On the Identifiability of Tensor Ranks via Prior Predictive Matching

arXiv stat.ML / 4/3/2026

💬 OpinionIdeas & Deep AnalysisModels & Research

Key Points

  • The paper tackles the problem of choosing the latent rank in tensor factorization by deriving a rigorous criterion for rank identifiability in probabilistic tensor models using prior predictive moment matching.
  • It converts moment-matching conditions into a log-linear system whose solvability is shown to be equivalent to the identifiability of the tensor rank.
  • The approach is applied to four classic tensor models (PARAFAC/CP, Tensor Train, Tensor Ring, and Tucker), showing that PARAFAC/CP’s linear structure, Tensor Train’s chain structure, and Tensor Ring’s closed-loop structure produce solvable systems.
  • For the Tucker model, the authors prove the system is underdetermined due to its symmetric topology, so ranks are unidentifiable under this method.
  • For the identifiable cases, the paper provides explicit closed-form rank estimators that rely only on moments computed from observed data, and validates them empirically with robustness checks.

Abstract

Selecting the latent dimensions (ranks) in tensor factorization is a central challenge that often relies on heuristic methods. This paper introduces a rigorous approach to determine rank identifiability in probabilistic tensor models, based on prior predictive moment matching. We transform a set of moment matching conditions into a log-linear system of equations in terms of marginal moments, prior hyperparameters, and ranks; establishing an equivalence between rank identifiability and the solvability of such system.

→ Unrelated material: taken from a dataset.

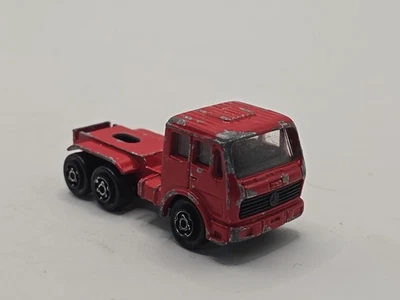 Majorette Mercedes-Benz Garbage Truck Red Lorry COE Semi Toy - Image 1 of 4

We apply this framework to four foundational tensor-models, demonstrating that the linear structure of the PARAFAC/CP model, the chain structure of the Tensor Train model, and the closed-loop structure of the Tensor Ring model yield solvable systems, making their ranks identifiable. In contrast, we prove that the symmetric topology of the Tucker model leads to an underdetermined system, rendering the ranks unidentifiable by this method. For the identifiable models, we derive explicit closed-form rank estimators based on the moments of observed data only. We empirically validate these estimators and evaluate the robustness of the proposal.